Hi there,
I am testing the performance of the beaglebone in combination with the no-OS Starterware from TexasInstruments and with the Linux Distribution Angström.
My test program, which I wrote for both for Starterware and Linux, does the following: I configure GPIO_1_28 as an output pin and in an endless loop I do…
- set the pin HIGH
- for(i=0; i<35000; i++)
{ x = sqrt(3.141592654); }
- set the pin LOW
- for(i=0; i<35000; i++)
{ x = sqrt(3.141592654); }
Then I used an oscilloscope top measure the period time / frequency of the output. My first results:
using Linux, the period is T = 1,1 ms (with a Jitter of about 70 us)
using Starterware, the period is T = 18 s !!!
Wondering why Starterware is so amazing slow, I started googling and found the following post in a TI forum: http://e2e.ti.com/support/embedded/starterware/f/790/t/208033.aspx
The guys on that forum manged to speed up Starterware by enabling Cache and MMU like in the example \StarterWare\examples\evmskAM335x\uart\uartEcho.c
So I also integrated the functions MMUConfigEnable() and CacheEnable(CACHE_ALL) into my program.

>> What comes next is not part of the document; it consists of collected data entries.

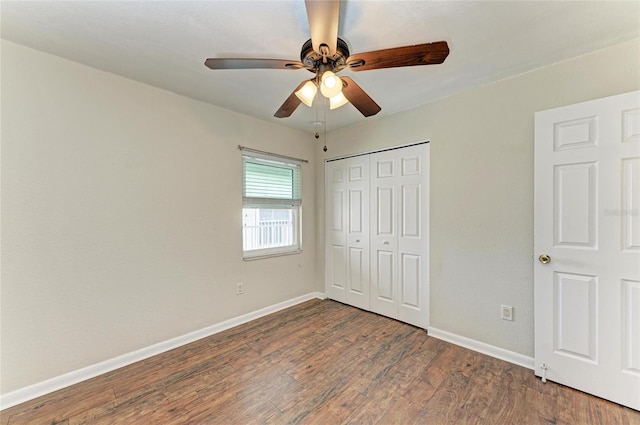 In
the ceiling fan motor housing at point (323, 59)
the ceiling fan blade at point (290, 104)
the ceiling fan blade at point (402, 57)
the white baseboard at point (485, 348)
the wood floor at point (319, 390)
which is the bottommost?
the wood floor at point (319, 390)

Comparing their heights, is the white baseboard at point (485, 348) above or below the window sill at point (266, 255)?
below

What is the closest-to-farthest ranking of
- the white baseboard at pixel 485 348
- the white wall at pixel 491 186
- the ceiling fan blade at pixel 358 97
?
the ceiling fan blade at pixel 358 97
the white wall at pixel 491 186
the white baseboard at pixel 485 348

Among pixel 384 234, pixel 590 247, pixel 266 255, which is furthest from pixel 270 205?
pixel 590 247

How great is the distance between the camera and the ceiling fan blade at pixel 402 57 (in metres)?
1.26

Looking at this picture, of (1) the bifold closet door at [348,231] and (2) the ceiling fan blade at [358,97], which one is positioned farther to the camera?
(1) the bifold closet door at [348,231]

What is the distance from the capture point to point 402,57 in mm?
1354

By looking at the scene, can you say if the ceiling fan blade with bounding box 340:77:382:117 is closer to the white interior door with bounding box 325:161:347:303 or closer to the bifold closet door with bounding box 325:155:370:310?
the bifold closet door with bounding box 325:155:370:310

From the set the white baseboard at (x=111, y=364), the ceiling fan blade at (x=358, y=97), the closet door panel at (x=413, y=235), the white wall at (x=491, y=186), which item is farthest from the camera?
the closet door panel at (x=413, y=235)

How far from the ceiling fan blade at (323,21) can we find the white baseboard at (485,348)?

It kind of worked, my new results for Starterware:
T = 500 ms
But still !!! 500 times slower than on Linux.
Did anyone make similar experiences or do you have a clue what could be wrong with Starterware? In the past i only did programming on simple Microcontrollers, so I don’t really know how to handle all this cache and MMU stuff.
Is the starterware tool chain using the FPU?
Oh damn you’re right. I didn’t turn on the FPU. I should have read this first:
http://processors.wiki.ti.com/index.php/StarterWare_NeonVFP
What I will do now:
First I will change my programm by doing integer calculations instead of float/double and repeat my comparison between Linux and Starterware. Next I will try to enable the FPU-Unit (Neon, VFP). I’ll post my results when I’m ready.
Here my results:
- I changed my programm loop to the following integer calculations:
int i;
int a = 0;
int b = 23210
for(i = 0; i<35000; i++)
{
a = a + b;
}
- I changed my FPU testing loop to the following:
int i;
float x = 0;
float y = 2.812;
for(i = 0; i<35000; i++)
{
x = x + y;
}
Are you using the same compiler and flags?
The A8 FPU has hardware sqrt support in the FPU. Given the difference
in your numbers I suspect the Starterware compiler maybe isn't using
that for some reason and is emulating sqrt with simpler FPU instructions.
...but that's just a guess. Have you compared the actual code produced
for the loop by the two compilers?
There are different Compilers for Starterware and Linux. When I set the flag -mfpu=vfpv3 in Linux, and Rebuild the project I don't get a different result. What I can do in eclipse under Linux is to set the optimizations level. What I did yesterday was to change my programm to the following:
double x = 3.1415;
while(1)
{
toggle_gpio();
for(i=0; i<35000; i++)
{
x = sqrt(x);
}
}
For Starterware I measured 85,5 Hz and for Linux 19,7 Hz. In both i turned off the optimization. This result makes a bit more sense but actually both should be the same. The problem with my other programm was probably, that the Compiler on Linux saw that I wanted to do the same operation sqrt(3.1415) 35000 times and did some kind of optimization even though I told him not to optimize. In my new program he gets a new result after each iteration of the loop.
``
But I think I will finish this testing now. In most of my tests Starterware got much better results and moreover you don't have the Jitter like when you use Linux.